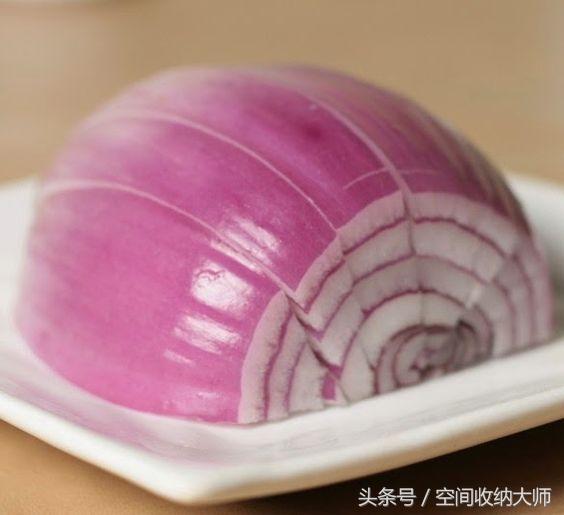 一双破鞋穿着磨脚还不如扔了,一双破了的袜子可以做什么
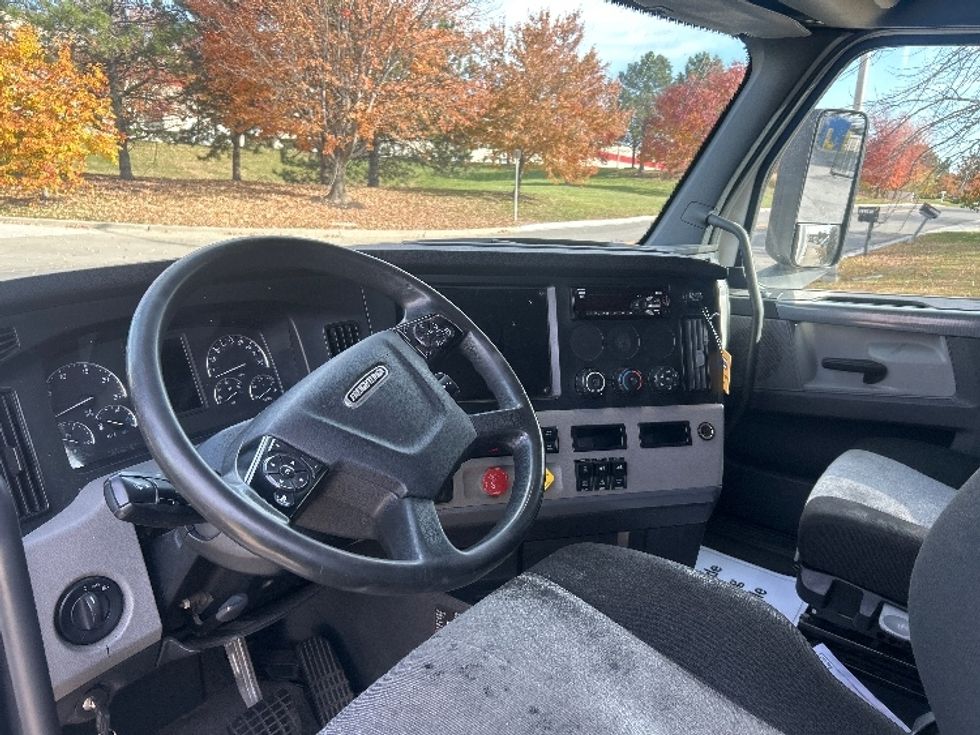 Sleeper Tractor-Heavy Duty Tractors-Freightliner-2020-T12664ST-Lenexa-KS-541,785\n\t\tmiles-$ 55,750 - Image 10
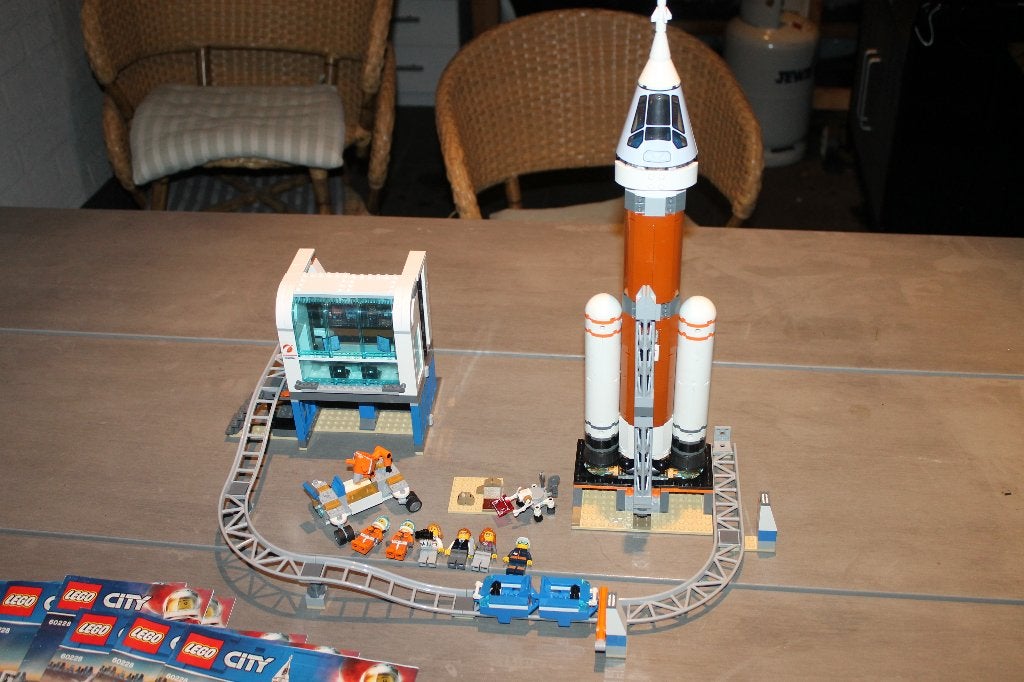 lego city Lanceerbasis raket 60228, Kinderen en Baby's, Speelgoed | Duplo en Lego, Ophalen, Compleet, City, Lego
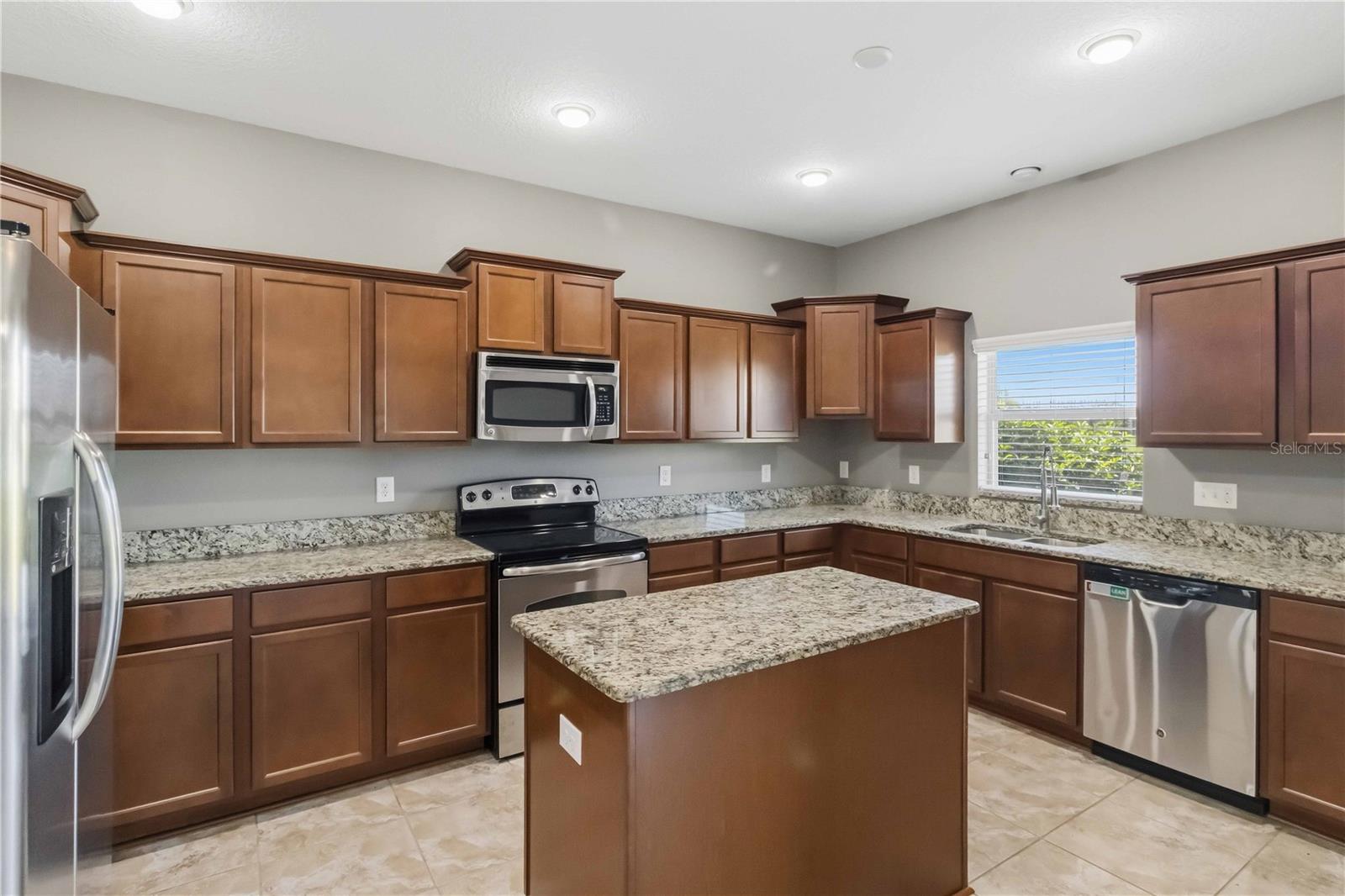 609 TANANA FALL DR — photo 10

---

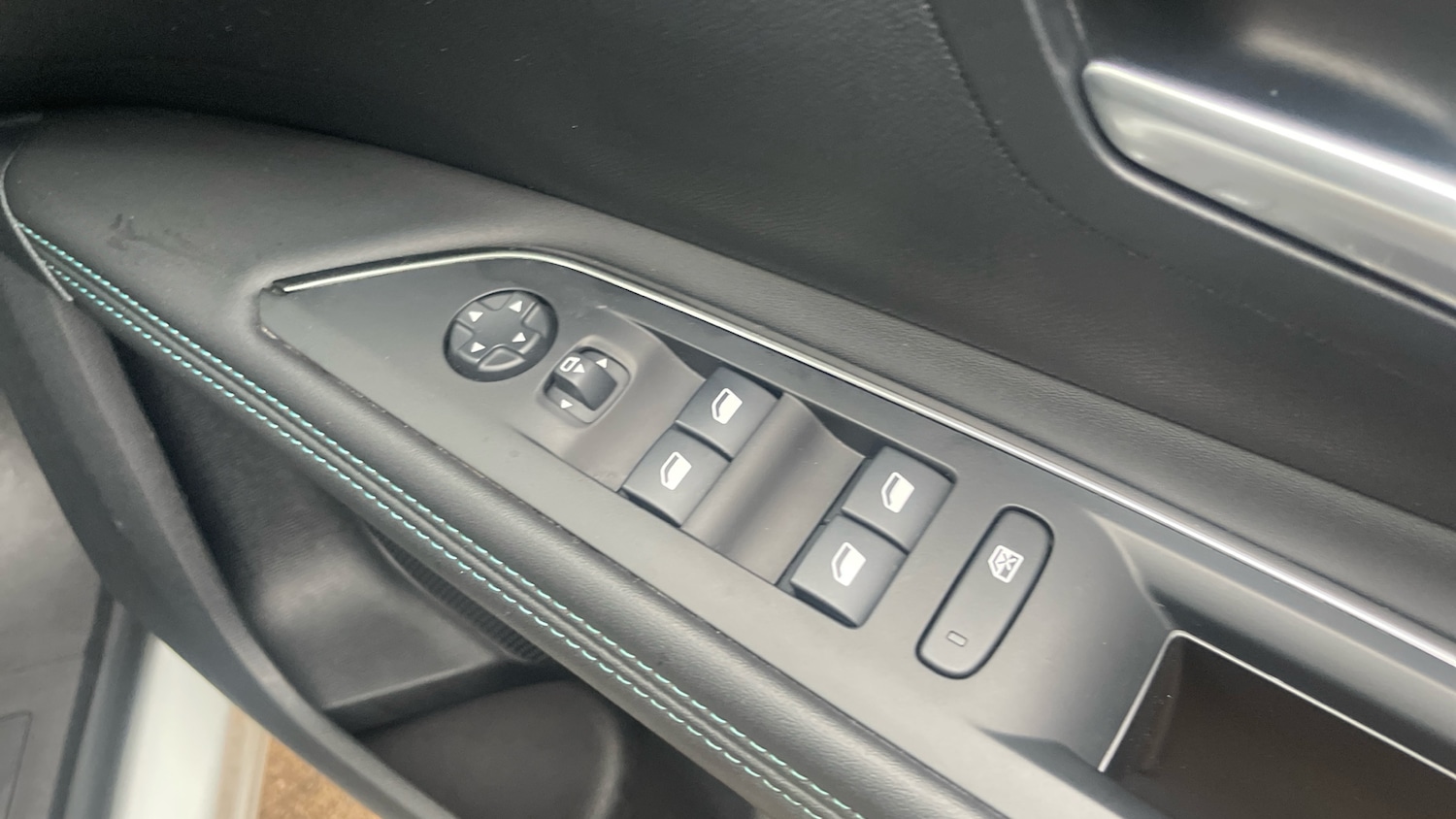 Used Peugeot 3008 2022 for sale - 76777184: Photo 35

* * *

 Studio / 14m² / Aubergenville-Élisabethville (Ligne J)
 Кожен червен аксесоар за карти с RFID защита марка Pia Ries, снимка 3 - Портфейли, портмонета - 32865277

TASK ITEM: Extract, without any images, the part of the material above that opens with the line containing "Sleeper Tractor-Heavy Duty" and closes with the line containing "609 TANANA FALL DR — photo 10", both lines included.

WRITTEN ANSWER:
 Sleeper Tractor-Heavy Duty Tractors-Freightliner-2020-T12664ST-Lenexa-KS-541,785\n\t\tmiles-$ 55,750 - Image 10
 lego city Lanceerbasis raket 60228, Kinderen en Baby's, Speelgoed | Duplo en Lego, Ophalen, Compleet, City, Lego
 609 TANANA FALL DR — photo 10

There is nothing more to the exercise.